Guna mempersempit celah kecurangan, Badan Pengatur Hilir Minyak dan Gas Bumi (BPH Migas) kini tengah mengkaji penguatan sistem digital pada proses pembelian.
"BPH Migas juga tengah mengkaji penguatan sistem digital, termasuk penerapan PIN atau OTP pada QR Code untuk mempersempit peluang penyalahgunaan," ungkap Direktur BBM BPH Migas, Chrisnawan Anditya. Ia juga mengapresiasi kinerja Satgas Sumbar yang dinilai berhasil menekan angka konsumsi solar subsidi secara signifikan.
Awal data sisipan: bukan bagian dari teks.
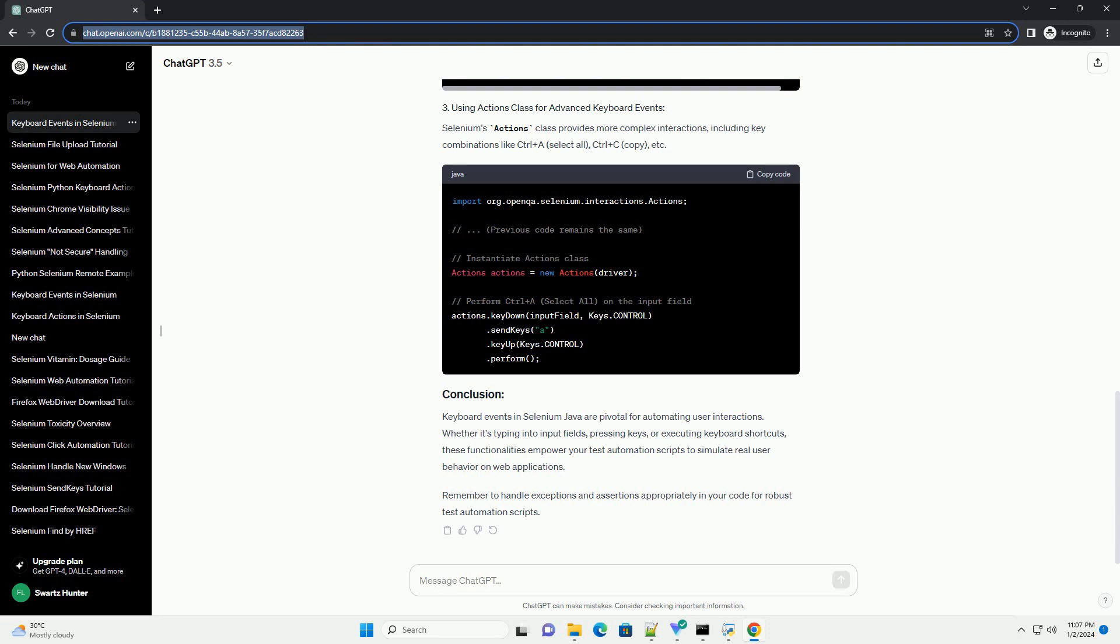Selenium's Actions class provides more complex interactions, including key combinations like Ctrl plus A (Select All), Ctrl plus C (Copy), etc. Keyboard events in Selenium Java are pivotal for automating user interactions.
Langkah preventif dan operasi lapangan yang agresif ini terbukti mulai membuahkan hasil positif. Sales Area Manager PT Pertamina Patra Niaga Sumbar, Fakhri Rizal Hasibuan, memastikan bahwa pasokan BBM di Sumbar saat ini dalam kondisi aman.
"Kita bersyukur, setelah pengawasan diperketat dan operasi lapangan digencarkan, konsumsi solar subsidi tercatat menurun signifikan dan antrean di sebagian besar SPBU mulai berkurang. Kita ingin kondisi ini terus terjaga melalui pengawasan yang konsisten dan kolaborasi dari seluruh pihak," kata Fakhri.
Melalui Rakor ini, seluruh pemangku kepentingan di Sumatera Barat sepakat untuk melahirkan sinergi pengawasan yang lebih solid, objektif, dan berkelanjutan demi menjaga stabilitas ekonomi dan kesejahteraan masyarakat ranah minang.